No, a Dirty Shutdown doesn't mean data loss, it means Exchange didn't gracefully write the final transaction log entries before shutdown. Your data is intact in the database file; you just need to bring it back to a "Clean Shutdown" state before Exchange will mount it. First try replaying the existing transaction logs: eseutil /r [LogPrefix] /l [LogPath] /d [DatabasePath]. If all required logs are present, this brings the database back to clean shutdown in minutes with zero data loss. If logs are missing, you have two options: restore from a backup (which may mean some data loss up to the backup point), or if you're on a DAG, allow replication to rebuild the copy from a healthy node by running Update-MailboxDatabaseCopy.
How do I check if Exchange is properly connected to Active Directory?
Exchange depends heavily on Active Directory for configuration data, recipient lookups, and authentication, and AD connectivity problems show up as everything from sporadic mail delivery failures to complete service outages.

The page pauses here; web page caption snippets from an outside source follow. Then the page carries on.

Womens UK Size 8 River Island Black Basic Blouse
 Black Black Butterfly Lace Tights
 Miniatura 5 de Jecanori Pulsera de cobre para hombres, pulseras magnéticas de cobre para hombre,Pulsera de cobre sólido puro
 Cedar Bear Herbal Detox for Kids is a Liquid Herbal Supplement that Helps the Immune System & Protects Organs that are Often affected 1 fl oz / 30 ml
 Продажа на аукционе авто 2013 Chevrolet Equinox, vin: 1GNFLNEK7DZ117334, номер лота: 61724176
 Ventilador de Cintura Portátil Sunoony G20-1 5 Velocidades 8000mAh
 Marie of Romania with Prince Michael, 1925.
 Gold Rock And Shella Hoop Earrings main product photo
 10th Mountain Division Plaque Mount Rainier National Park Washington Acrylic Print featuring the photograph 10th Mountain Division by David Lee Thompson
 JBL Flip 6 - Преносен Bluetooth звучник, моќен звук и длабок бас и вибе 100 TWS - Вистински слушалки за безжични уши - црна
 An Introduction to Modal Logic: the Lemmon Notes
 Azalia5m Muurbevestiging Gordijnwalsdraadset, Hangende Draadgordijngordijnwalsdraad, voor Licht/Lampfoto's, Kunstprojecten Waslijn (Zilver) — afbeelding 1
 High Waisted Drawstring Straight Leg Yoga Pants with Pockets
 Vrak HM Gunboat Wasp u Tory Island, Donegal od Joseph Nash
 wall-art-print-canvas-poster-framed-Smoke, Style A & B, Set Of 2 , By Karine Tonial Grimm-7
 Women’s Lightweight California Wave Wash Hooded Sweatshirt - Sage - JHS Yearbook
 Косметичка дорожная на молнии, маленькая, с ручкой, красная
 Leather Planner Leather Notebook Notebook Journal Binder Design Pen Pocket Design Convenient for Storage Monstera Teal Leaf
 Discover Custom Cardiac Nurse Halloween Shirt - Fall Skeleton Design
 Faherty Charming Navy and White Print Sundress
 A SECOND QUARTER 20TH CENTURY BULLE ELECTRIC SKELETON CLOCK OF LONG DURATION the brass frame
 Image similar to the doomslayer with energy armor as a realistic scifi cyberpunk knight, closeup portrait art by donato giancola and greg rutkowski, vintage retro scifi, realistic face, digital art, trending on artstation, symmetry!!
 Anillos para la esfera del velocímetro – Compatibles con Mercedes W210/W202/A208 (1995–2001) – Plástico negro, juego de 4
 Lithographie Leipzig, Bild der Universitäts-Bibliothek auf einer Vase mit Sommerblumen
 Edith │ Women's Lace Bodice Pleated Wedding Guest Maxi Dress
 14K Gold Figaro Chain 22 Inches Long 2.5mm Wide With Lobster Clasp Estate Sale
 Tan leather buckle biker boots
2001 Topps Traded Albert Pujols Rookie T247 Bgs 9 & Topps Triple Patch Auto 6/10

Run Test-ReplicationHealth in Exchange Management Shell for a DAG health check that includes AD replication, and run Get-ExchangeDiagnosticInfo -Server [ServerName] -Process EdgeTransport -Component ResourceThrottling to check whether Exchange is throttling due to resource pressure that includes AD response times. For the AD side specifically, run dcdiag /test:replications /v on a domain controller in the same site as your Exchange server. Event ID 2114 in the Application log from MSExchange ADAccess source means Exchange has stopped using a specific domain controller, look at the event detail to see which DC and why.
ActiveSync stopped working for mobile devices after I renewed the SSL certificate, how do I fix it?
When you renew or replace an Exchange SSL certificate, you must explicitly assign the new certificate to Exchange services, the renewal alone doesn't do this automatically. Check which certificate is currently assigned to IIS and SMTP services: Get-ExchangeCertificate | Format-List Thumbprint, Services, Subject. You're looking for the services field, it should show a value that includes I (IIS) and S (SMTP) for your mail hostname certificate. If your new certificate doesn't show those flags, assign it: Enable-ExchangeCertificate -Thumbprint [NewCertThumbprint] -Services IIS,SMTP,POP,IMAP. After that, restart IIS with iisreset /noforce and have a mobile device user try to sync. Also verify the ActiveSync virtual directory URL: Get-ActiveSyncVirtualDirectory | Format-List InternalUrl, ExternalUrl, it should match your certificate's CN or a SAN entry exactly.